So what’s all the hoopla about? Well, most eMTBs I’ve featured on my channel have weighed between 50 and 60 lbs. They have a good amount of travel, plenty of power, and are great for really rough, gnarly backcountry trails. However, like I’ve explained before, not many folks are actually riding spots like that. The Rise is a solid 10 lbs lighter, which goes a HUGE ways to maintain the traditional “bicycle” feel. With a bit less travel, and even a bit less power, the tradeoff of a big weight savings means the overall experience works much better on traditional MTB style trails. Especially those with jumps!

I preferred the handling characteristics of the Rise more so than those of the Occam- and I still do enjoy the Occam plenty!

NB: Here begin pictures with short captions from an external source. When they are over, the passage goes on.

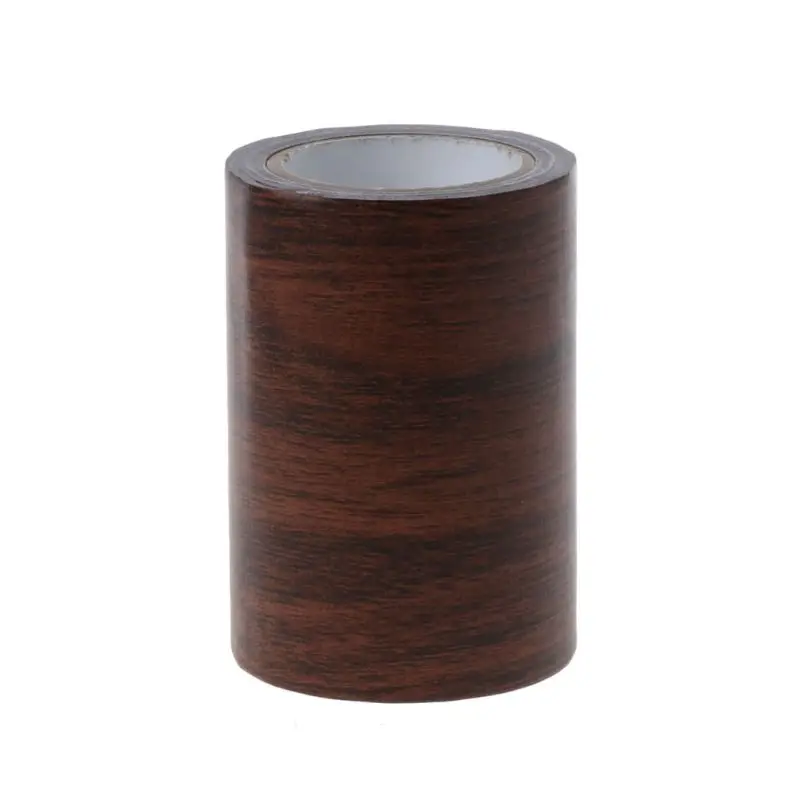 " x15 'Реалистичная древесно-зерновая ремонтная нашивка-лента Деревянный текстурированный клей для мебели - Цвет: 7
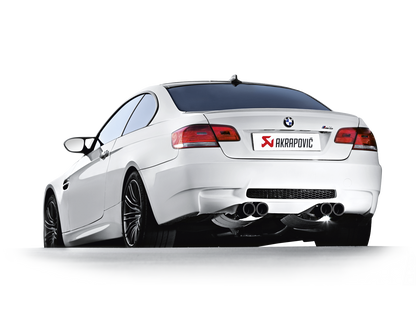 Echappement  Akrapovic Evolution titane BMW M3 E92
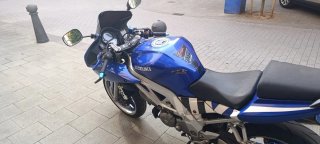 Suzuki SV650S 2004 Azul, A2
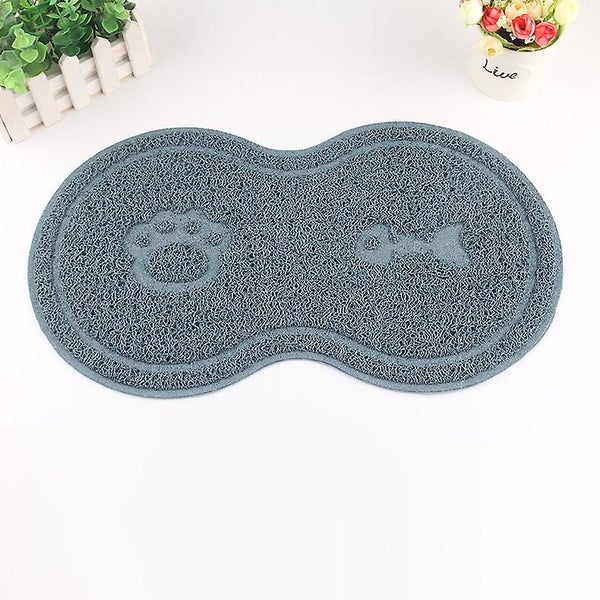 Pet Feeding Mat Feeding Bowl Mat Non-slip Waterproof Pvc Pet Food Mat For Cat Carousel 1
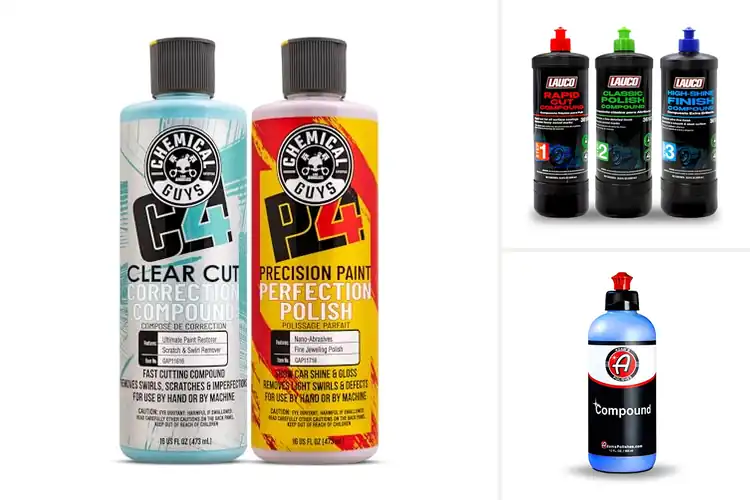 Detailed view of 10 Best Clear Coat Safe Compound: Restore Deep Gloss Without Risk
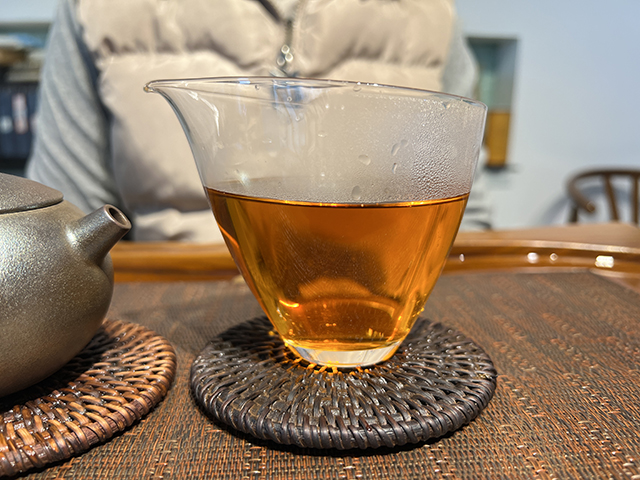 图为2007贡沱驿特级沱熟沱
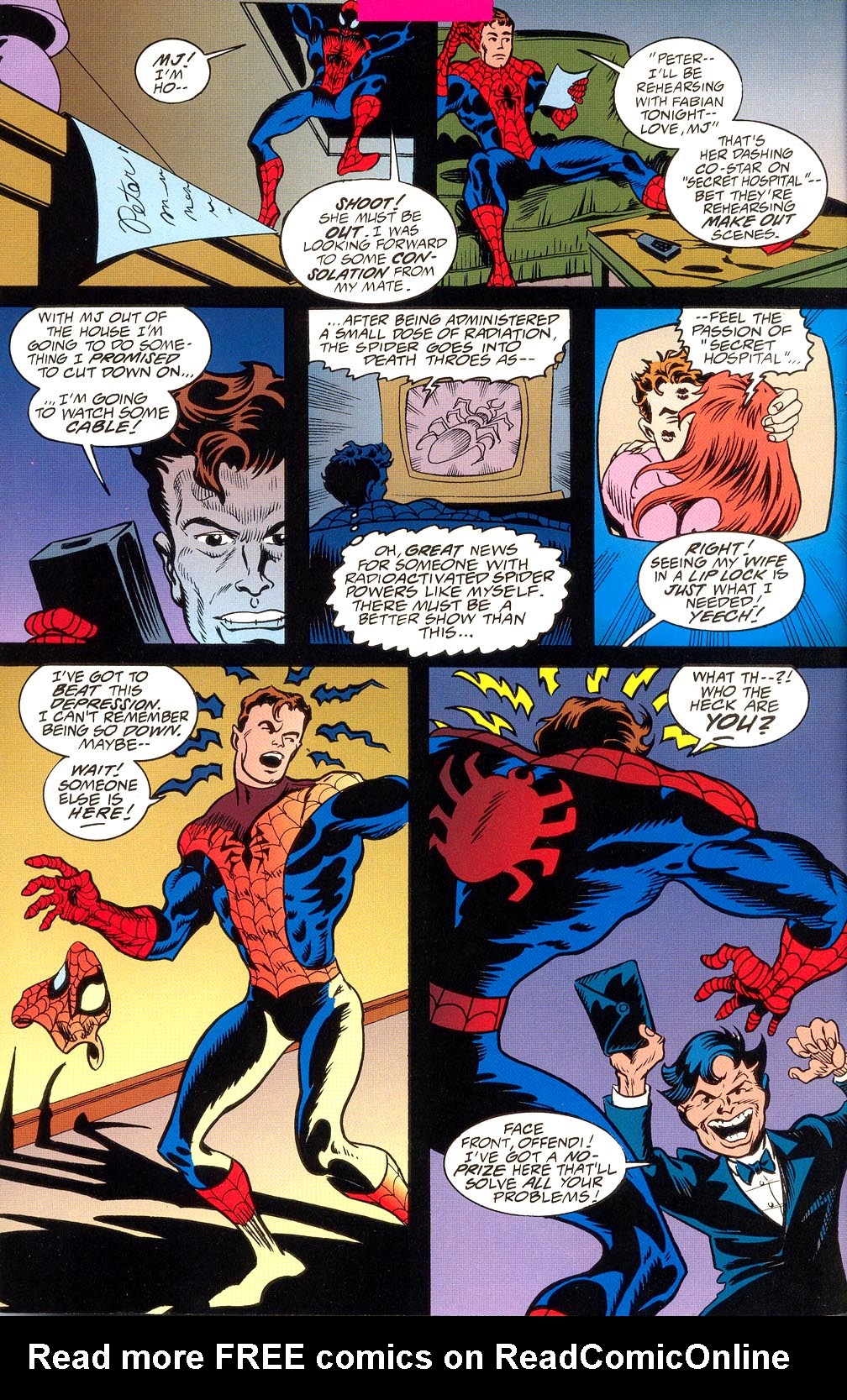 Read online Midnight Sons Unlimited comic -  Issue #3 - 5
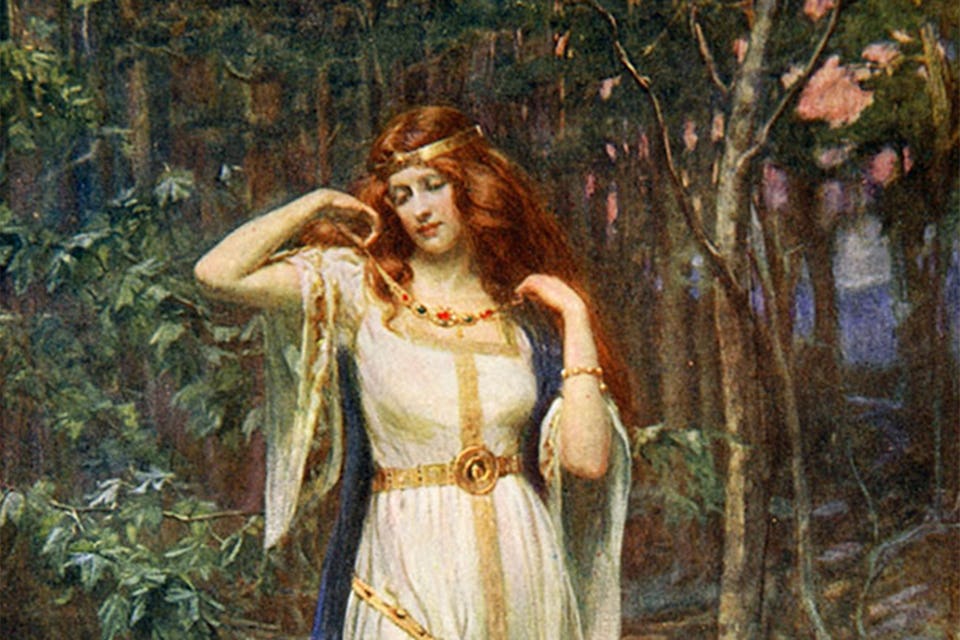 bcartertopgun's tweet image. Hávamál
Ljóðatal ~ Stanza ~ 162
I know a seventeenth: if I sing it,
The young girl will be slow to forsake me.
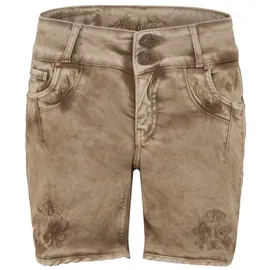 hangOwear Jeansshorts HENDRINA braun 36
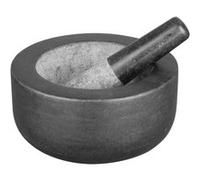 Pilon et Mortier en Granite Vogue Gris G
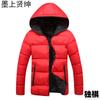 Jaqueta Masculina Quente de Inverno Compacta Leve Puffer Bubbl Masculino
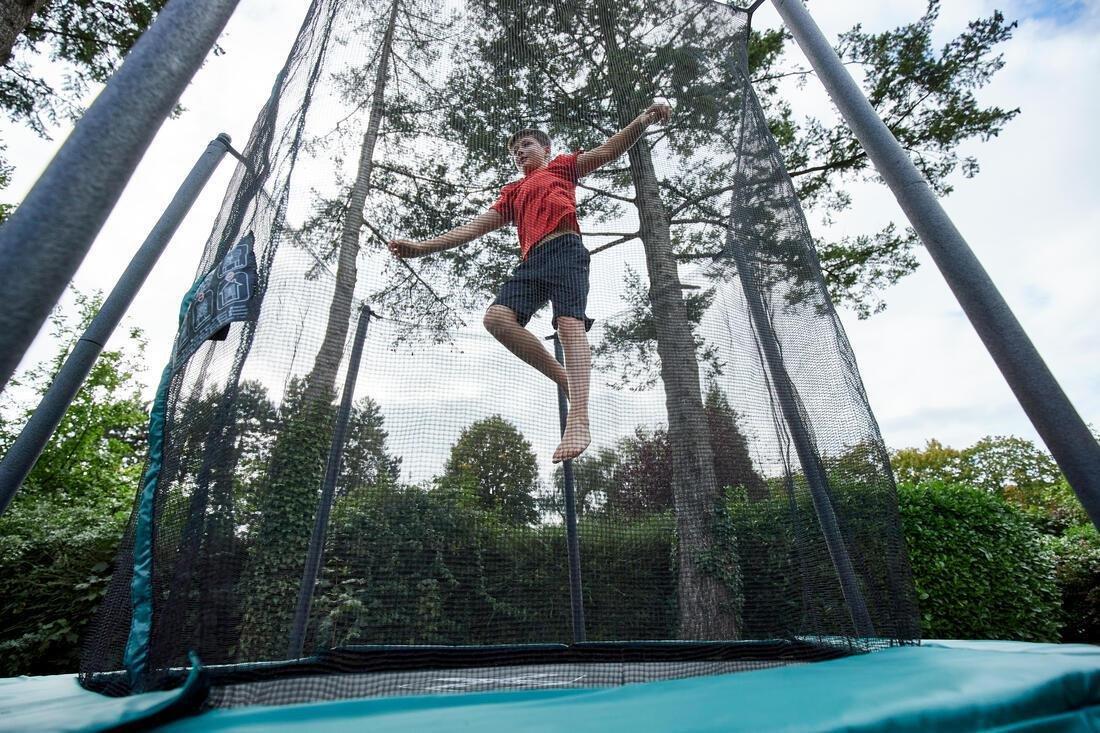 Hexagonal Trampoline 240, Black, No Color, large image number 9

Although the geometry is the same on the two platforms, the added stiffness from the bigger, battery-housing downtube of the Rise contributed a lot to how good the bike felt. It is much torsionally stiffer than the Occam, which means more consistency and predictability during aggressive riding moments like this.

Within the carbon downtube is a large battery that powers Shimano’s new EP8 motor system. While we’ve been chasing max torque numbers for a few years, Orbea has gone a different way, and tuned the EP8 for efficiency instead of max power. Which makes a lot of sense, especially given the fact that the battery is not easily swappable on the trail. Instead, it simply doesn’t need to be swappable. The slightly lower powered motor is still a significant boost over no motor, and while I never did a proper range test, we had plenty of battery for 20-30 mile days.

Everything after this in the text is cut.